Career NFL statistics
- Receptions: 23
- Receiving yards: 272
- Touchdowns: 1
- Stats at Pro Football Reference
- Stats at ArenaFan.com

= Mac Cody =

American gridiron football player (born 1972)

Maclin Cody (born August 8, 1972) is an American former professional football player who was a wide receiver for two seasons with the Arizona Cardinals of the National Football League (NFL). He played college football for the Memphis State Tigers. He also played for the Ottawa Rough Riders, Birmingham Barracudas, Hamilton Tiger-Cats, Montreal Alouettes, and Toronto Argonauts of the Canadian Football League (CFL) and the Orlando Predators of the Arena Football League (AFL).

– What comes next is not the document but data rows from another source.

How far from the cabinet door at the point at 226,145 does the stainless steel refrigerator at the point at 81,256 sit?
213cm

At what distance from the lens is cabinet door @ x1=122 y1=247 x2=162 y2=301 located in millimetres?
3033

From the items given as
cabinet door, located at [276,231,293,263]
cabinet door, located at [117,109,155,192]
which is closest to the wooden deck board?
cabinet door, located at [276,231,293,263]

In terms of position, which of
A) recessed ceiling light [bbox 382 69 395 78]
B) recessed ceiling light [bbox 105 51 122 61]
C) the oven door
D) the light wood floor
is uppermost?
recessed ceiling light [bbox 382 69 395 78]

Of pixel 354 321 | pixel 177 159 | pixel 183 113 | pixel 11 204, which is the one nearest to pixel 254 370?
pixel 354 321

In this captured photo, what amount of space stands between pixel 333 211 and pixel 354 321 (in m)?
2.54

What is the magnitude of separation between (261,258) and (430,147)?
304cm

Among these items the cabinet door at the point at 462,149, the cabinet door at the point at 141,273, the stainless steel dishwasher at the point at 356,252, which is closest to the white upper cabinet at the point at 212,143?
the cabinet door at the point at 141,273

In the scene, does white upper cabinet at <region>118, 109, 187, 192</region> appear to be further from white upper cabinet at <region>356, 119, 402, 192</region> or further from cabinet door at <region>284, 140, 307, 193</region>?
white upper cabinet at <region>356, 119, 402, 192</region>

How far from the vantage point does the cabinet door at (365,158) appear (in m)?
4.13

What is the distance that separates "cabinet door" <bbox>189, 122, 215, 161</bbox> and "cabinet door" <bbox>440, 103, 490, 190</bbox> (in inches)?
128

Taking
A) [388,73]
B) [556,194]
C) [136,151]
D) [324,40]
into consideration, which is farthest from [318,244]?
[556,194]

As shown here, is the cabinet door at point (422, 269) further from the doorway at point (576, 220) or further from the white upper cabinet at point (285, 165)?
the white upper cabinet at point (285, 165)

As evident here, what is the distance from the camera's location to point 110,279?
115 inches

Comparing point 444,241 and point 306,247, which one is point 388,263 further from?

==Early life and college==
Maclin Cody was born on August 8, 1972, in St. Louis, Missouri. He attended Vashon High School in St. Louis.

Cody was a three-year letterman for the Memphis State Tigers of Memphis State University from 1991 to 1993. He caught three passes for 31 yards in 1991 and 11 passes for 242 and three touchdowns in 1992. As a junior in 1993, he recorded 50 receptions for 606 yards and four touchdowns, and 13 kick returns for 429 yards and one touchdown. Cody's 33.0 yards per kick return was the highest among independents in 1993. After being ruled academically ineligible for his senior year, Cody entered the 1994 NFL draft.

==Professional career==
After going undrafted, Cody signed with the Winnipeg Blue Bombers of the Canadian Football League (CFL) in late May 1994. On July 4, 1994, it was reported that he had been transferred to the team's reserve list.

On July 22, 1994, Cody was signed by the Indianapolis Colts of the National Football League (NFL). He was later released on August 16, 1994.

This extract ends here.